Requiem 

Le vierge, le vivace et le bel aujourd’hui
Va-t-il nous déchirer avec un coup d’aile ivre
Ce lac dur oublié que hante sous le givre
Le transparent glacier des vols qui n’ont pas fui !

Un cygne d’autrefois se souvient que c’est lui
Magnifique mais qui sans espoir se délivre
Pour n’avoir pas chanté la région où vivre
Quand du stérile hiver a resplendi l’ennui.

Tout son col secouera cette blanche agonie
Par l’espace infligée à l’oiseau qui le nie,
Mais non l’horreur du sol où le plumage est pris.

Fantôme qu’à ce lieu son pur éclat assigne,
Il s’immobilise au songe froid de mépris
Que vêt parmi l’exil inutile le Cygne.

Stéphane Mallarmé Le cygne

First

Requiem

My grandfather told me that he had seen Osamu Dazai at a literary gathering before his death. My grandfather and Dazai were at the same university. However, my grandfather was poor, so his method of admission was different from that of Dazai and his friends. My grandfather was a brilliant man at the time, so much so that the state paid for him. Such was my grandfather’s desire to become a poet.

He seemed particularly fond of Mallarmé and was confident that he was Mallarmé’s successor because he was glittery. In this context, he seems to have once attended a meeting where Osamu Dazai was present. From his point of view, Dazai at that time looked like an idiot. Nevertheless, those around Dazai listened to him happily. When such Dazai discussed Mallarmé, my grandfather’s heart could not contain his anger. The writer he likes is told in a distorted way by someone he dislikes, but that person is better able to publish a book.

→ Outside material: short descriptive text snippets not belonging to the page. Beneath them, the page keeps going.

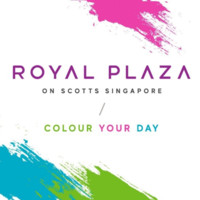 Plaza Scotts avatar image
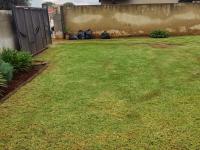  of property in Vosloorus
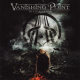 Vanishing Point – Dead Elysium
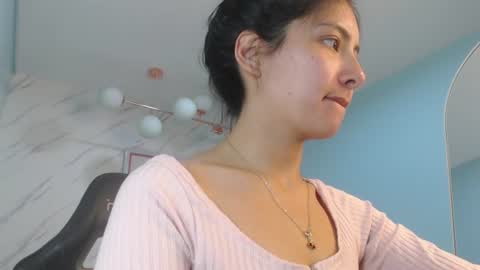 Victoria online show from 22, 6, 2026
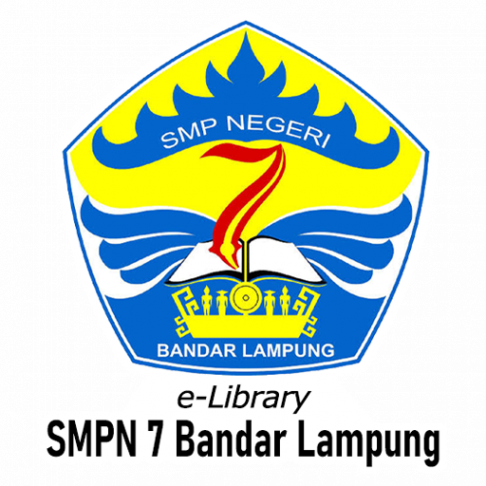 SMPN 7 BANDAR LAMPUNG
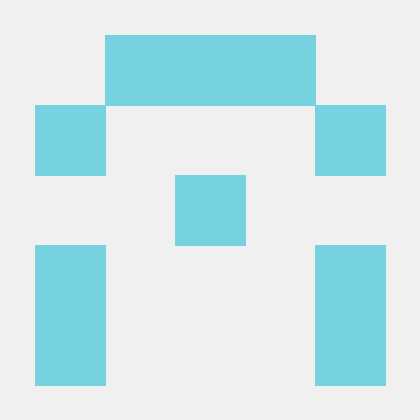 Github Jpsferreira Umat Abaqus A General Framework To Develop - Ocean Texture Collection - HD Quality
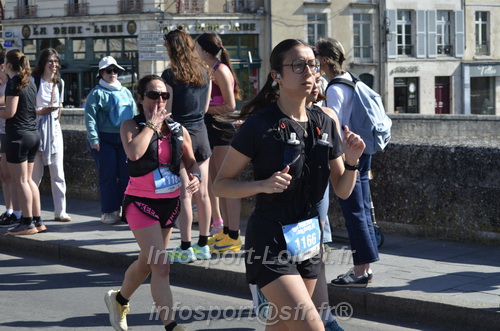 Foulees_Orleans2026/ORLEANSF2026_11120.JPG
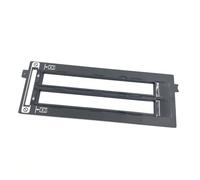 Pièces de Rechange QM3-2694-000 QM3-2695-000 QC2-5902-000 Guide De Film Photo Manchon Support De Montage Coulissant Convient pour Canon 8000F 8800 8800F 9000 9000F(QM3-2694 35mm Sleeve)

My grandfather told me about this reality.If anything, feelings have left more of an impression on me than my grandfather’s words. This is because he, who spoke calmly about everything, was unusually excited and spoke of the scene as if it were right in front of him. I thought I could see a little of the scene of those days, the elated gathering of unknown writers and revolutionaries in a small, cramped room. My grandfather disgraced the gathering as a wayward affair, but he told me. ‘He talks about the boring things in the world in a funny way. People find it fun to be together with that. That sounds like you. Why don’t you become a writer? Because I never had that talent.”

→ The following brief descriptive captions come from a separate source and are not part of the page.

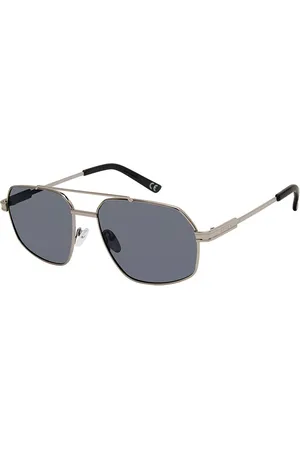Privé Revaux SO PRIME/S Polarized 010/M9 Men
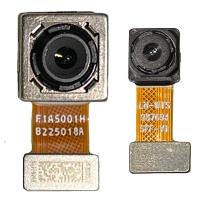 Oppo A78 5G (CPH2483 / CPH2495) Camera Set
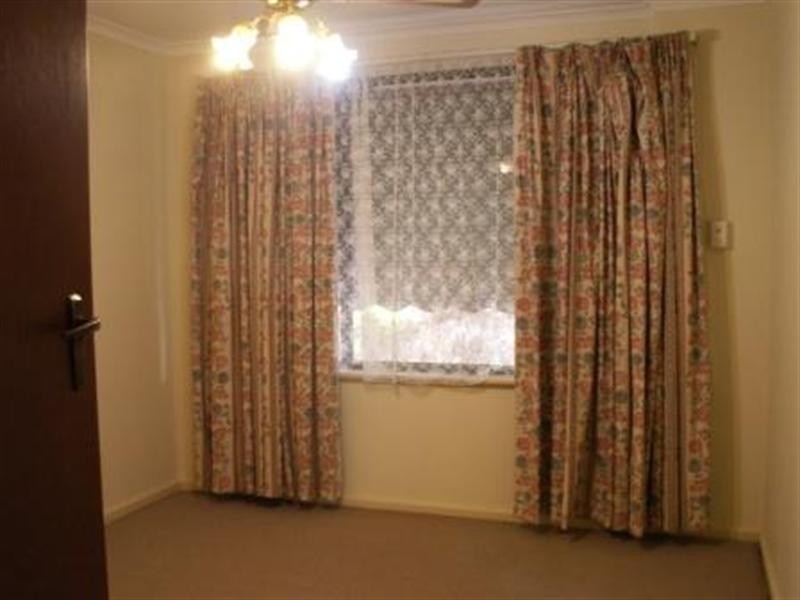 14 Danielle Drive, Salisbury Plain SA 5109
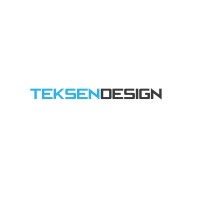 Teksen Tasarım logo - Similar company to Dket - Global Mold Texturing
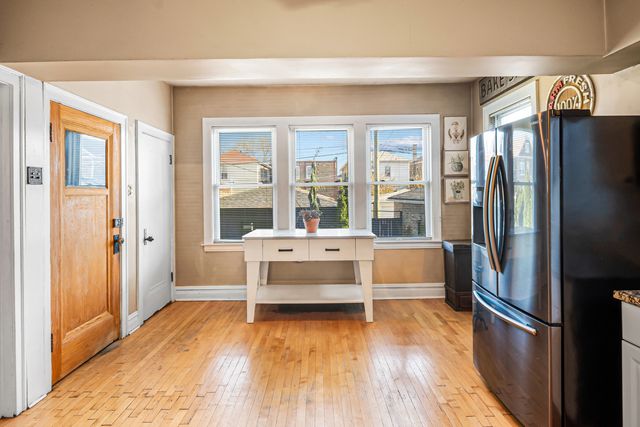 1613 S 51st Court, Cicero, IL 60804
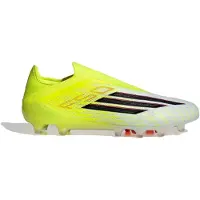 Adidas F50 Elite Laceless Ag Jalkapallokengät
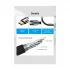 Vention AALBG HDMI Male to Cable / Converter / HUB in BD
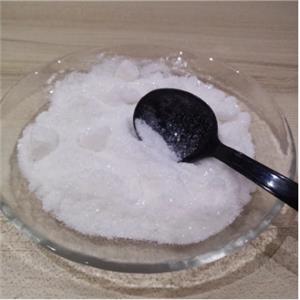 Arecoline hydrobromide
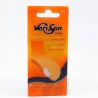 PROTECTOR JUANETES HYDROGEL VARISAN EXTRAFINO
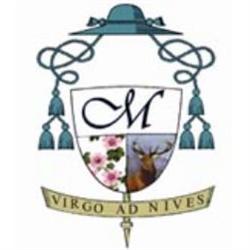 Parrocchia Madonna della Neve, Cervia orari di apertura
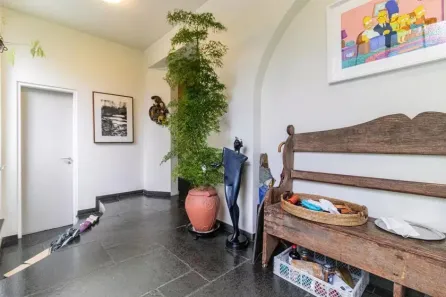 Casa com 4 Quartos à venda, 362m² no Pacaembu, São Paulo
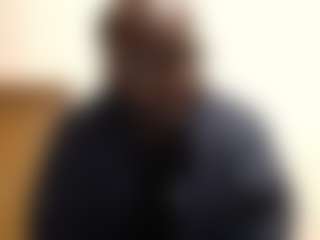 11Thrilla's Live Sex Cam Show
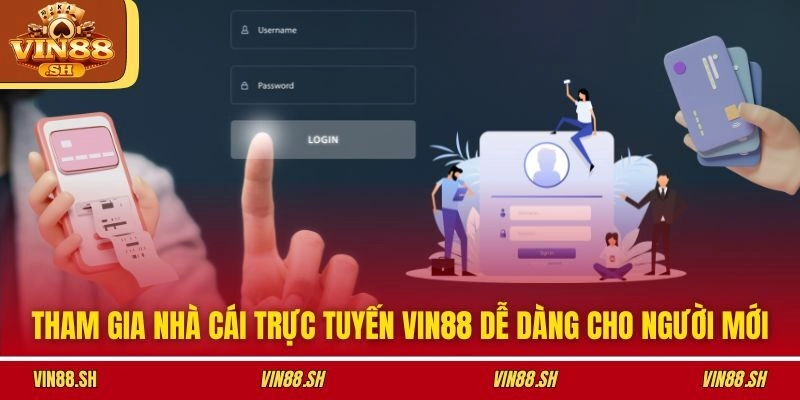 VIN88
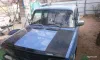 Lada (ВАЗ) 2103 1991-0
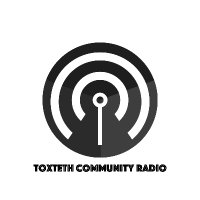 Toxteth Comminity Radio (@tcrmerseyside) 's Twitter Profile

At the time, I was in primary school and didn’t know much about Mallarmé or Dazai. In his study, Mallarmé and Valéry were on a bookshelf with a glass door like a sanctuary, and it was forbidden to open it. “If you want them, I’ll give you money for them,” he used to say. But I had a hunch about what kind of literature he liked.When I then went straight into law and psychology, which I did not do immediately, my grandfather said. ‘Don’t forget. Poetry is the greatest. But I didn’t listen. Inwardly, I instinctively wanted to surpass my grandfather’s bright glittering.

Second

When I was a student, psychology’s ‘unconscious’ was already oriented towards denial. The unconscious does not exist’ and the epistemology of the unconscious in phenomenology, in the midst of Jaspers’ scathing critique of Freud, worked to expand own horizons as much as possible.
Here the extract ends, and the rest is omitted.